The Government Will Have to Overpay to Save the Day
Why Buying Doomed Condos and Funding Rentals Might Be the Only Way Out
Let’s be honest—this wasn’t the plan. Not for the developers. Not for the investors. And definitely not for the bureaucrats now faced with a choice: let a wave of half-built condo corps rot in silence or step in, write a cheque with too many zeroes, and pretend this was all part of a bold affordable housing strategy.
From my seat—high up in the precarious perch of a Toronto real estate developer watching the entire condo market get caught with its pants down—it’s clear: many of these projects aren’t going to make it. Pre-sales are frozen. Construction costs didn’t get the memo about the rate hikes. And interest carry? It's the horror story devs whisper to each other over lukewarm beers at industry events.
So what’s the government to do?
Buy them.
Every. Last. One.
Buy the land. Buy the hole in the ground. Buy the zoning, the plans, the foundation forms that haven't seen concrete in six months. Pay too much—because you’ll have to. Then hand the keys back to the same developers (yes, even the ones who got us here), but this time, lend them the money at 0%, tell them to build rentals, and for the love of housing, get out of their way while they do it.
Now, I know what you're thinking: "Why reward failure? Why bail out over-leveraged developers who gambled and lost?" But here’s the thing—we're way past the stage where market discipline solves anything. If these projects collapse, so does the dream of ever hitting our housing targets. That 1.5 million new homes figure? It becomes the punchline of a cruel joke.
You know, this reminds me of a time I bought a beat-up house in the Bridle Path. I thought I was getting a deal. Turns out I was just the sucker with the deepest pockets and the biggest renovation budget. The place had mold, asbestos, raccoons in the attic—the whole HGTV nightmare package. But guess what? We turned that money pit into gold—because I knew what it could be, not what it was.
The government is in the same boat now. They’re going to look like fools paying top dollar for carcasses. But in five years, when there are thousands of new rentals instead of lawsuits, bankruptcies, and abandoned scaffolding, they'll look like visionaries.

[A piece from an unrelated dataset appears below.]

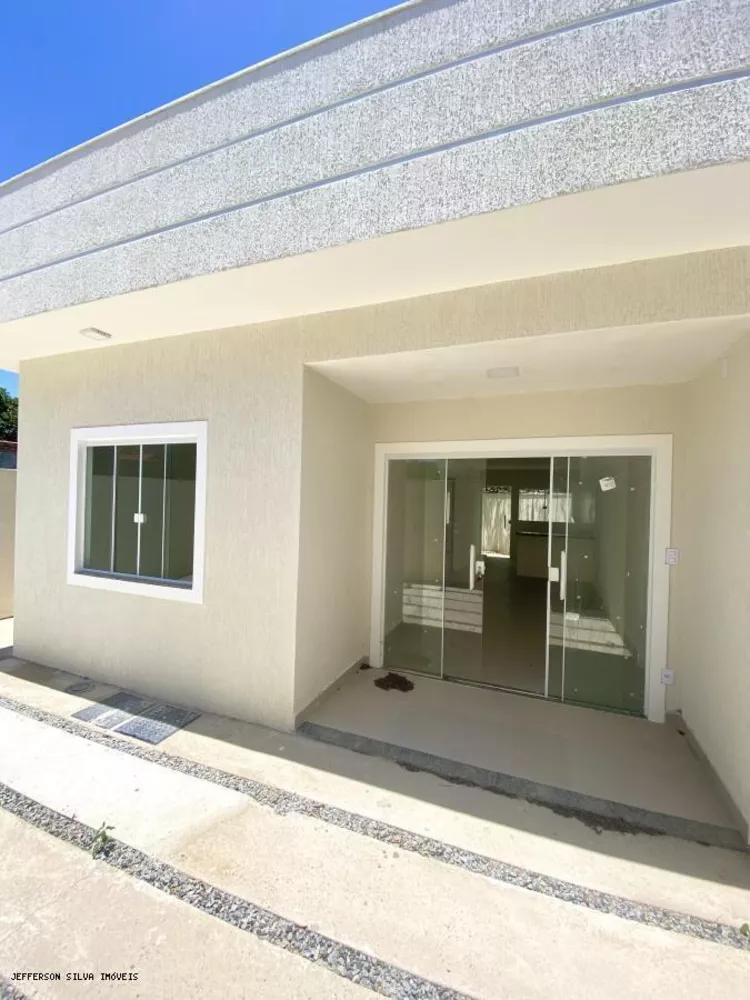 Casa à venda com 2 quartos, 60m² - Foto 2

Here's the part no one wants to say out loud: rental math works if you don’t have to pay market land prices and you get financing cheaper than a Costco hot dog. Remove those two barriers, and voila—you can actually build affordable rentals that cash flow.
The feds and the province need to stop pretending the market will course-correct on its own. It won’t. Not fast enough. And every month they delay, more projects die, more skilled trades leave the industry, and more Canadians move back in with their parents.
So yeah, they’ll have to overpay. But sometimes overpaying today is cheaper than the cleanup tomorrow.
Besides, it’s not like they haven’t blown money on dumber things.
See: the ArriveCAN app.
And if you’re reading this thinking, "Well, what now?"—here it is:
If you're a voter, call your MP. Tell them you're tired of watching zombie condos and runaway rents tag-team the housing market into oblivion.
If you're a policymaker, put your cape on. This is your hero arc. You don’t need another study, you need a chequebook and a spine.
And if you're a developer like me—dust off your spreadsheets, because if the government's dumb enough to overpay, be smart enough to actually build. Rentals. Not dreams of rate drops. Not 2-bed, 2-bath speculative Swiss bank accounts. Just housing people can actually live in.
It’s going to be messy. It’s going to be expensive.
But you either overpay now, or explain later why you let the whole thing collapse.
And trust me: that press conference will cost you more.